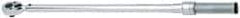 CDI - 1" Drive Micrometer Torque Wrench - 300 N/m to 1,500 N/m Torque, 70" OAL, 10 N/m Graduation, Pear Head - USA Tool & Supply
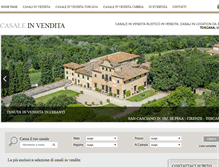 Tablet Screenshot of casaleinvendita.com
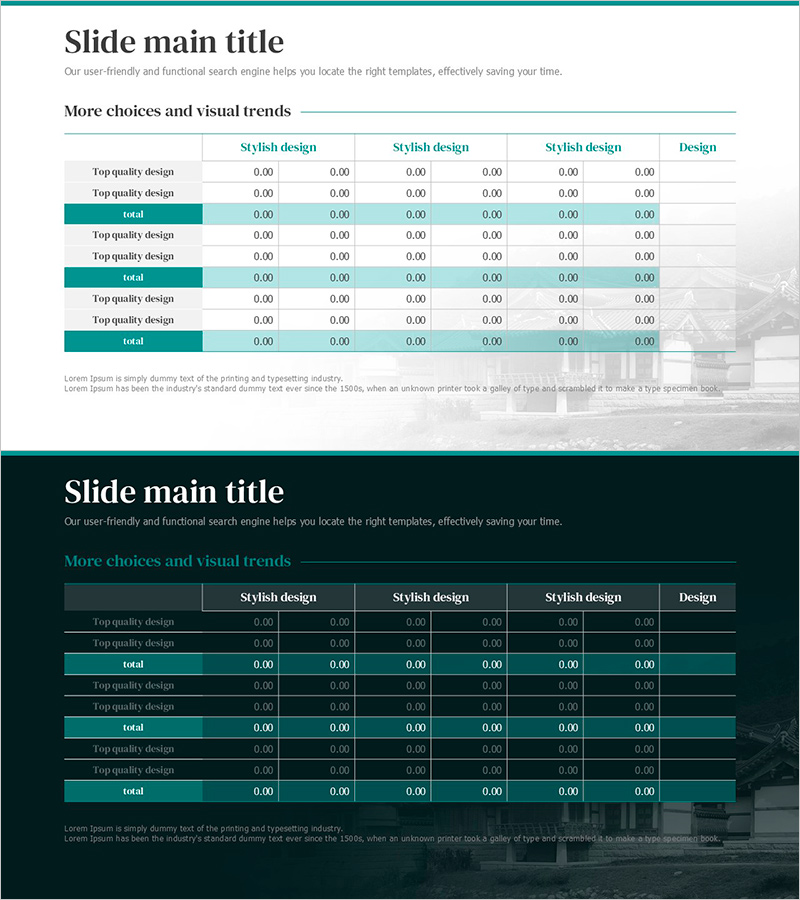 관광지 방문객 현황표 – 정보 및 시각적 혜택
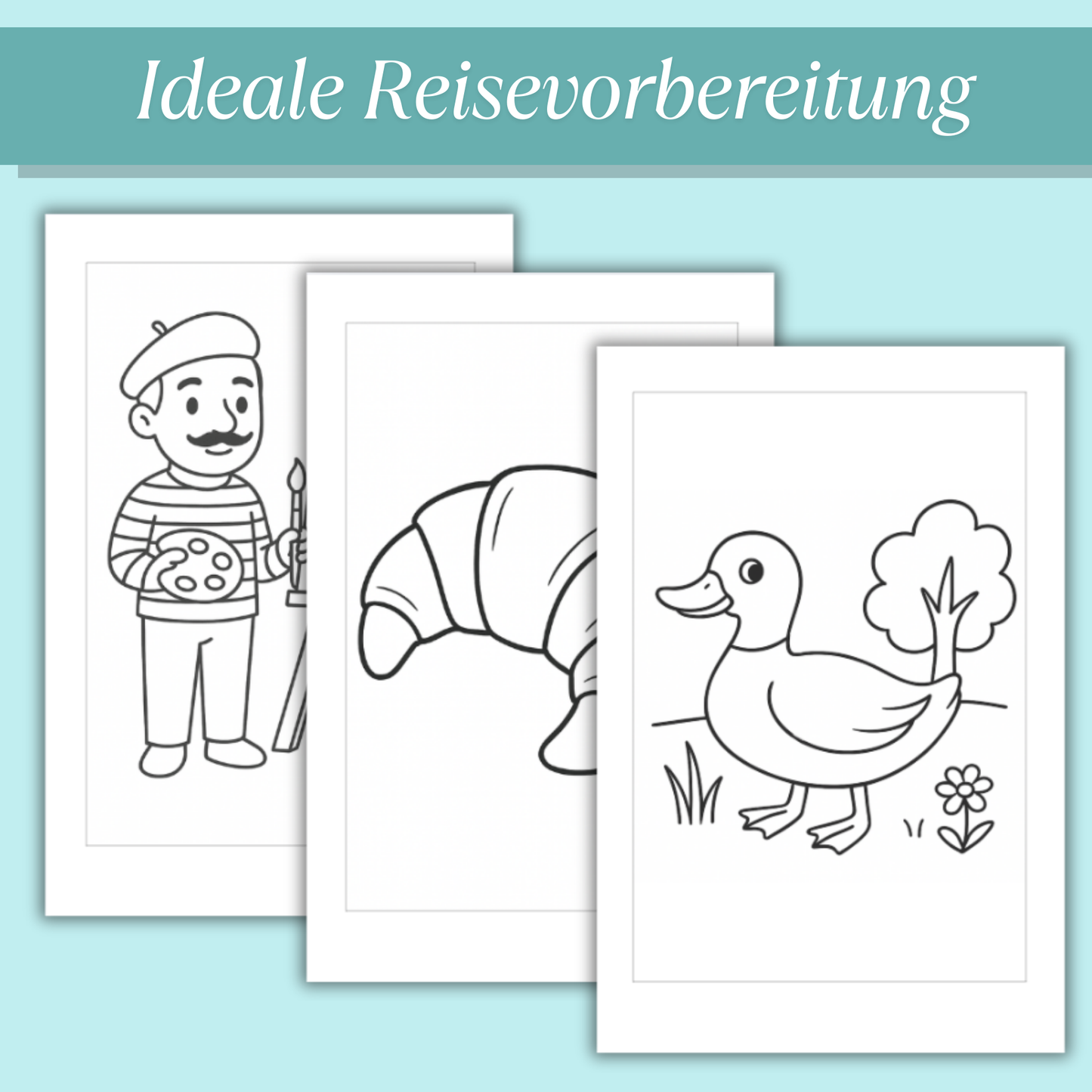 Frankreich Ausmalbilder für Kinder (PDF Download)
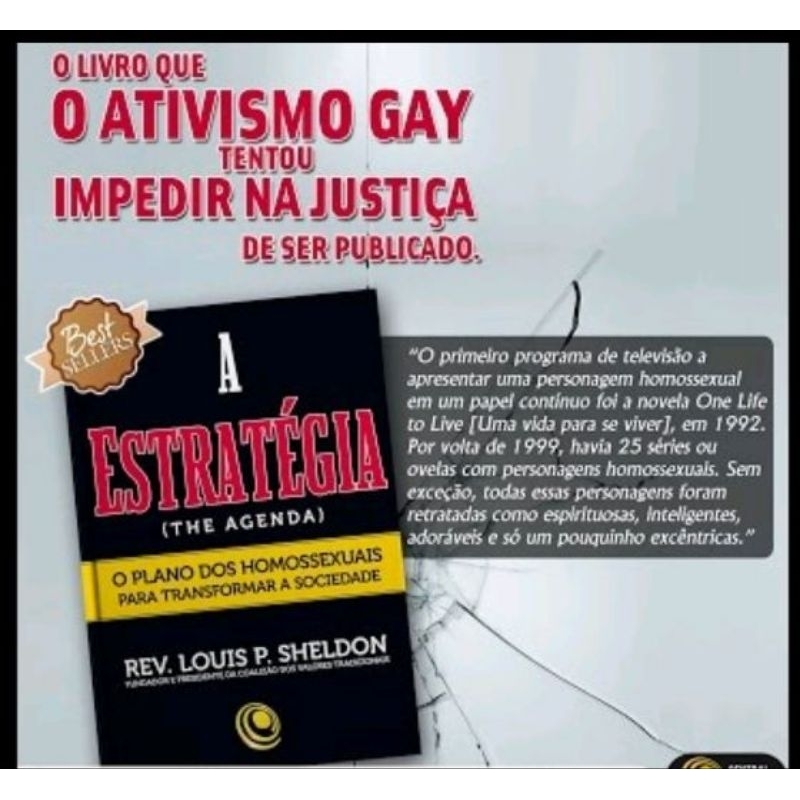 livro a estrategia o plano dos homossexuais para transfornar a sociedade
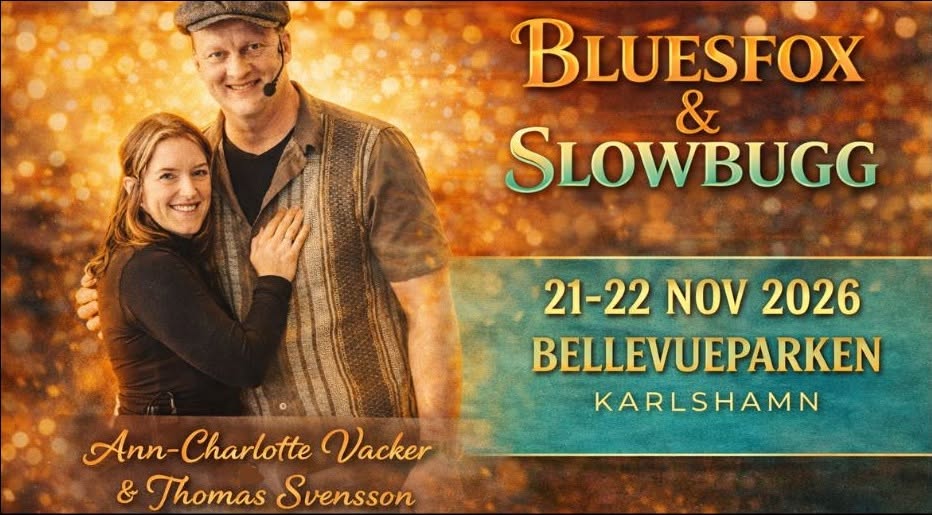 BluesFox & SlowBugg (Ann-Charlotte Vacker & Thomas Svensson) — SAT 21 – SUN 22 NOV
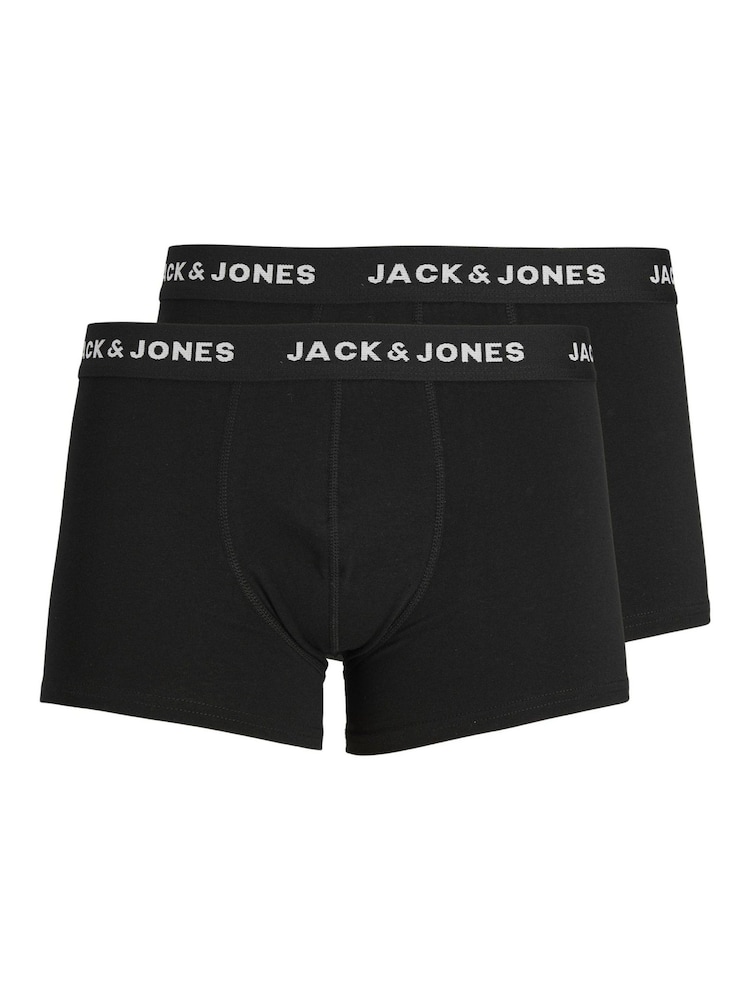 JACK & JONES JUNIOR Black Boxers 2 Pack - Image 1 of 2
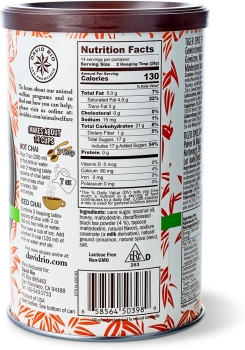 David Rio Chai Latte "Tiger Spice Decaf" 398 g.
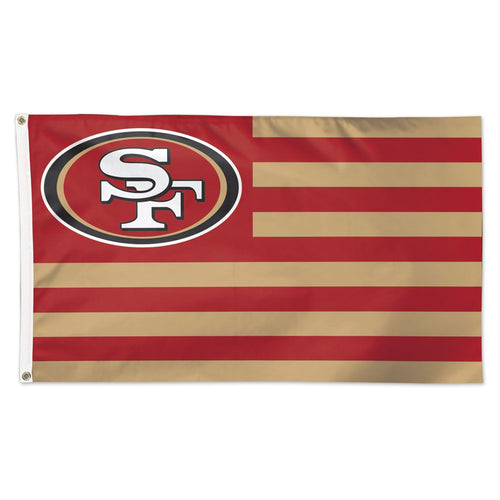 San Francsico 49ers Patriotic Deluxe Flag - 3'x5'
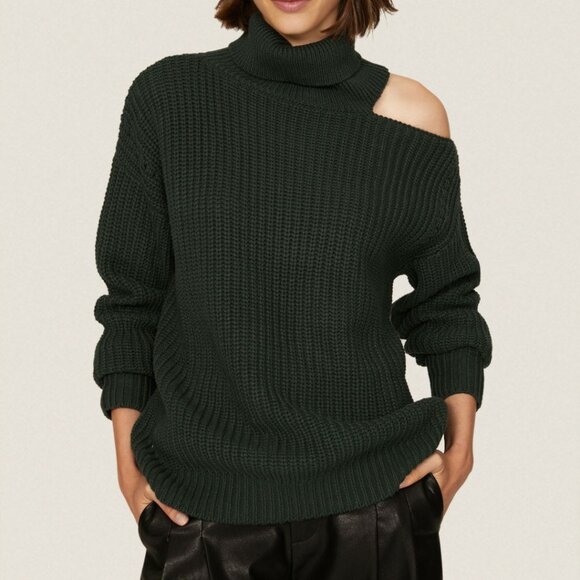 Cold Shoulder Sweater - Picture 2 of 5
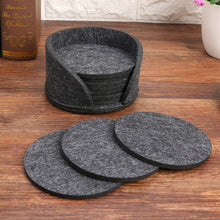 Load image into Gallery viewer, 11pcs Round Felt Coaster Dining Table Protector Pad Heat Resistant Cup Mat Coffee Tea Hot Drink Mug Placemat Kitchen Accessories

— Goal of the exercise —
Take the line with "San Francsico 49ers" as the first line and the last line of the records above as the final one; reproduce exactly the lines between them, both included, without pictures.

— Output of the exercise —
 San Francsico 49ers Patriotic Deluxe Flag - 3'x5'
 Cold Shoulder Sweater - Picture 2 of 5
 Load image into Gallery viewer, 11pcs Round Felt Coaster Dining Table Protector Pad Heat Resistant Cup Mat Coffee Tea Hot Drink Mug Placemat Kitchen Accessories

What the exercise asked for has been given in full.